Figures 13 and 14 show the RADM anomaly detection results with a weighted index of 0.29. Figure 13 shows the distribution of the anomaly index, in which the red “X” represents the anomaly index of the abnormal trajectory, and the blue dot represents the anomaly index of the normal trajectory. Although the anomaly index of the normal trajectory was occasionally larger, the anomaly index of the abnormal trajectory was generally higher than that of the normal one, and the overall detection effect was better.

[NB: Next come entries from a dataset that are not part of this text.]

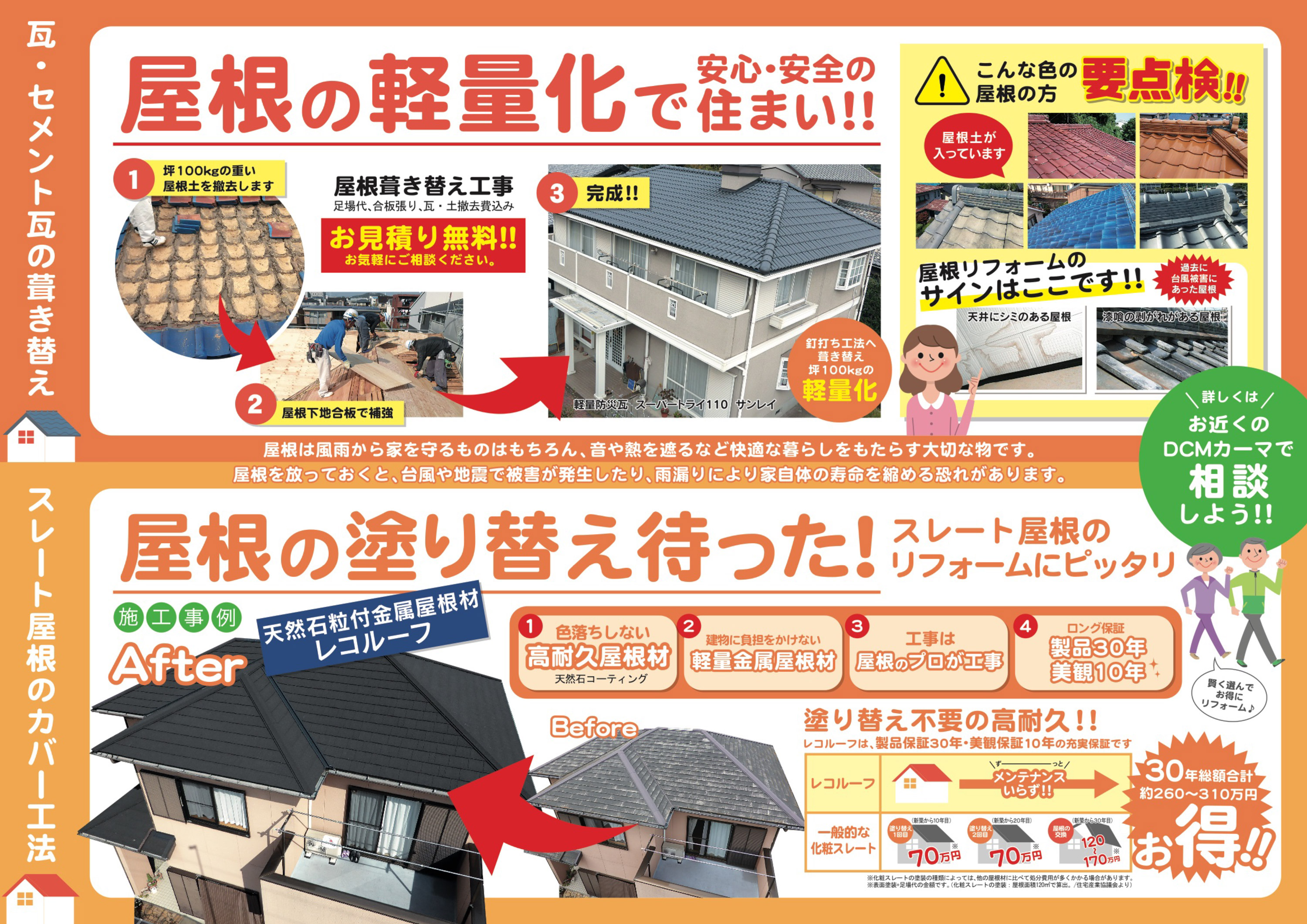 外装 屋根 住まいるヘルパー 住まいるヘルパー dcmカーマ 外装 屋根 住まいるヘルパー 住まいるヘルパー dcmカーマ
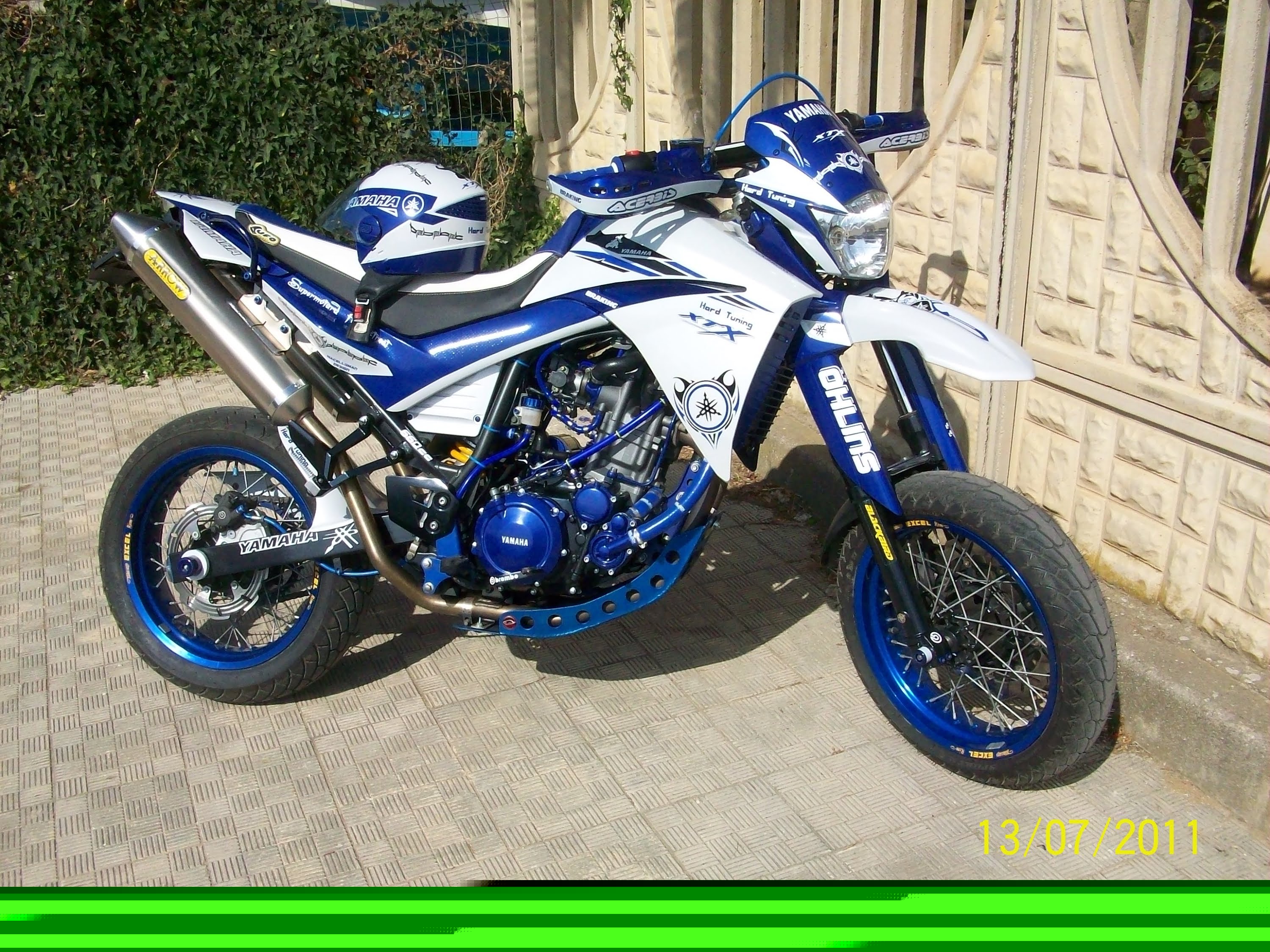 YAMAHA XT 660 XTX RACING TUNING 2011
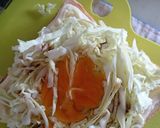 お好み焼き風トースト☆作り方5写真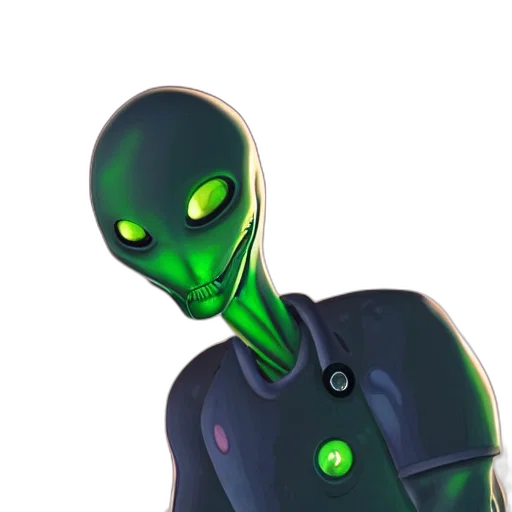 robot, staff, creature, mask transparent PNG cut-out
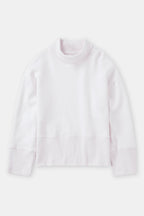 Turtle Neck Long Sleeve - Morning Rose - Femme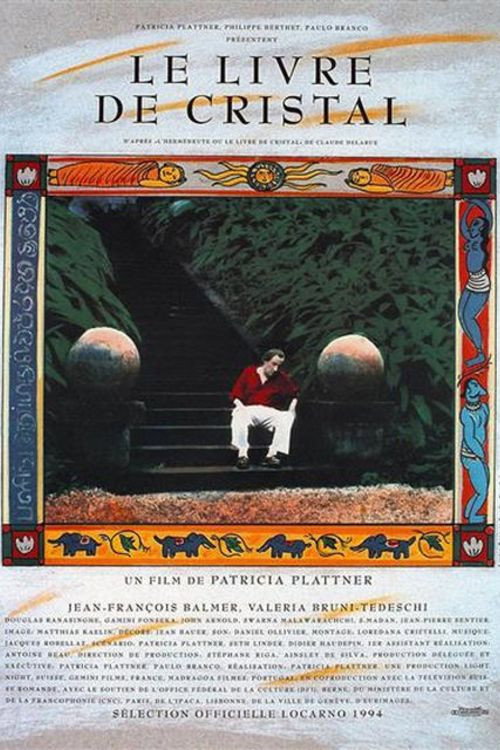 Movie poster for Crystal Book (1994)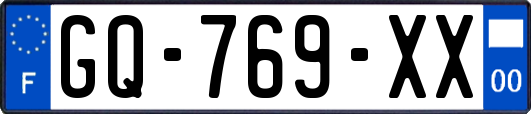 GQ-769-XX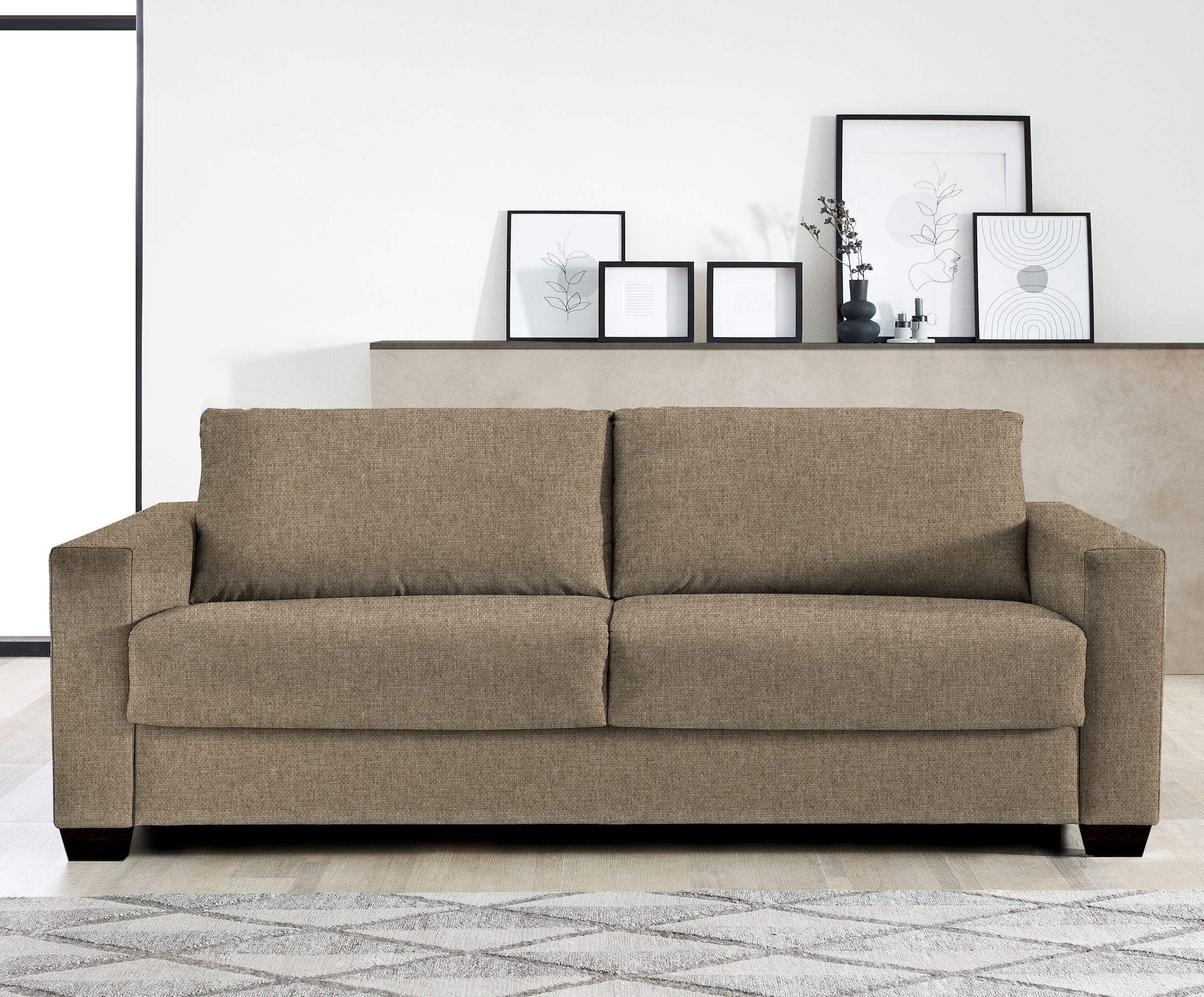Bali Schlafsofa »Denver, Dauerschläfer«, in 140er und 160er Breite, inkl. E günstig online kaufen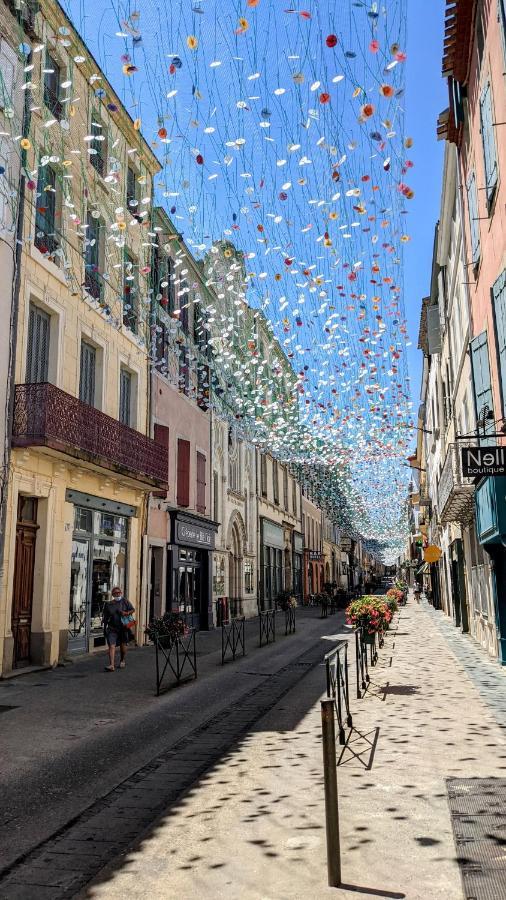 L'Escapade - Parking Gratuit - Wifi - Climatisation - Proche Cite - Tout Equipee Carcassonne Ngoại thất bức ảnh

Figure 14 shows a comparison of the ROC curves of VAD-MFC, VAD-SNS, and RADM. The blue curve shows RADM with a weighted index of 0.29, and its AUC value was 0.92, which was much higher than the 0.79 of VAD-MFC and the 0.8 of VAD-SNS. Moreover, the abscissa of the equal error rate point of the model was also smaller than that of VAD-MFC and VAD-SNS. Therefore, RADM had higher anomaly detection accuracy.

6. Conclusions

In this study, we designed and implemented a real-time anomaly detection model for fishing vessel trajectories based on an edge computing paradigm. First, a trajectory anomaly detection algorithm based on multifeature clustering was designed according to the behavioral characteristics of fishing vessels. Then, aiming at the problem that the algorithm could not effectively detect new abnormal patterns that may have existed in the trajectory flow data and its weak real-time performance, the RADM was proposed by introducing an edge computing framework and combining it with the spatiotemporal near-neighbor similarity. Finally, experiments were carried out on real data sets. The experimental results show that RADM had high detection accuracy in detecting anomalies of continuous trajectory flow. RADM can provide a trajectory anomaly detection service in the edge layer without interaction with a terrestrial monitoring center; thus, it can improve the real-time performance of trajectory anomaly detection without the limitations of marine communications.

Data Availability

The data used to support the findings of this study are available from the corresponding author upon request.

Conflicts of Interest

The authors declare that they have no conflicts of interest.

Acknowledgments

This work was partially supported by the National Natural Science Foundation of China (no. 61972358) and the Zhejiang Province Key Research and Development Project (no. 2017C03024).